Brian: Excellent, yeah. I'm definitely checking that out after we jump off this call. Ali, you got picks for us?

Ali: Yeah, just one of the things that I've been playing around with recently is Litestream. I think it made the front page on Hacker News, but it's an interesting idea because I feel like for anyone who's not familiar with it, it's basically building on top of SQL Lite and turning it into a reliable data store with replication to [inaudible] storage. I just think it's refreshing to see a 180 degree turn away from bigger and more powerful, more elaborate, more distributed systems. It takes it back, SQL Lite is about as simple as you can get in terms of lightweight databases.

It seems like an interesting approach to take something so simple and then try to make it reliable and gear it up towards more enterprise usage, I just think it's a cool approach. So yeah, I've been playing around with that, that's super, super fun. Maybe more of a general category, but for us our development environment is pretty elaborate and it's a beast to deal with because, for a developer, they basically have to standup two Kubernetes clusters and a bunch of other systems. And so looking into these tools where you have these hosted developer environments, we've been working with a YC startup called Nimbus. I think their website is UseNimbus.com, but there is a bunch of other ones. What was the one that we spoke to, DeVaris? I'm drawing a blank on the name.

DeVaris: Okteto.

Ali: Yeah, Okteto. Yeah, these products are amazing. I think especially now as amplications are getting much more elaborate, you're going deep on micro services and all these other dependencies, that developer experience is beginning to suck pretty bad. So these tools kind of rein it in and make it sane again. Obviously we pitch ourselves as a developer experience company, that's what we're trying to deliver is a better developer experience, so yeah, I like these tools and I think it's also interesting to see this push towards bringing sanity back to developer experience.

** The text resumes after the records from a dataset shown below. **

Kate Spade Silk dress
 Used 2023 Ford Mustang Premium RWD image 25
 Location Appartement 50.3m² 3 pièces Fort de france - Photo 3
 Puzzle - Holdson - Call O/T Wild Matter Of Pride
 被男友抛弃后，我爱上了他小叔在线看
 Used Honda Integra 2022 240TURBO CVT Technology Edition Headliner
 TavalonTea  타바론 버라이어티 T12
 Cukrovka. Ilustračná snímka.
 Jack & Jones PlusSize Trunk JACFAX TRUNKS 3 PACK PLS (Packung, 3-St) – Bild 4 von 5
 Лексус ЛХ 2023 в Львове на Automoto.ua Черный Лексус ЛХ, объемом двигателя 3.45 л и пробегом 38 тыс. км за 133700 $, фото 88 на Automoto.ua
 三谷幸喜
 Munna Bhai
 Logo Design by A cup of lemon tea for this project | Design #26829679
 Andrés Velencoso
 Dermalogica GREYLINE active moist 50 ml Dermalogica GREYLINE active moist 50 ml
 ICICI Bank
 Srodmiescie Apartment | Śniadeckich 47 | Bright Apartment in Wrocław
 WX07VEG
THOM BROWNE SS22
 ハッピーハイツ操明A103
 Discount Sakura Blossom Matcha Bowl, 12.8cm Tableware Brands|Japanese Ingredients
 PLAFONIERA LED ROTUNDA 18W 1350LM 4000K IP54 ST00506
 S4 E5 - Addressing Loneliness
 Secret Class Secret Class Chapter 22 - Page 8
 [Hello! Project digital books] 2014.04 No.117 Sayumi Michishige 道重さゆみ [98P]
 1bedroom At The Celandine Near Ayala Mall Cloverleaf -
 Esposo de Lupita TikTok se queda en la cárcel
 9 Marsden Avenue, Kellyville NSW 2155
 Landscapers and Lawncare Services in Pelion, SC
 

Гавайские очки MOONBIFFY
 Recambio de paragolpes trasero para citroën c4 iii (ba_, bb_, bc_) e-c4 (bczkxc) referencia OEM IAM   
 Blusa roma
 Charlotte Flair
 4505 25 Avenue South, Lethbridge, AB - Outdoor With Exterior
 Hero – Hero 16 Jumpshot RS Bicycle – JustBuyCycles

DeVaris: I forgot the other thing that I was checking out too, man. Charm. Charm.SH.

Brian: Oh yeah, I've seen that.

DeVaris: Yeah, shout out to Toby and Christian and the fete guys, right? There's been this renaissance on the CLI that I think is really, really dope for two reasons. One, because I learned on MS Dos back in the day how to build, just trying to run these full featured apps and having to know commands to do so. Even my mom knew MS Dos commands.

The Terminal was a thing and then it just went away and now it's starting to come back. I think as developers we spend most of our time in the Terminal, that's something that, yo, it's pretty cool to see people actually building tools for us to build these better experiences. Yeah, I forgot about that until Ali said, the Okteto guys, and I'm like, "Oh man, yeah. Charm and Fig." Yeah, I dig those.

Brian: Yeah, I do like the terminal tools and these services to bring... Heroku had a very good developer experience where everybody knew the patterns of how to deploy and manage your deployment even in production, and I like that now we're bringing that to things like Kafka and all these other services that I just haven't had time to learn because, again, I've been so far removed and working in JavaScript that when I need to go reach for something it's like, "Ah, I have no idea what I'm doing."

DeVaris: You aren't alone, man. You aren't alone. That's why we're here, we're here to help.

Brian: Yeah, there's definitely a pattern. Excellent, yeah. So appreciate the help and talking through this, and listeners, keep spreading the jam.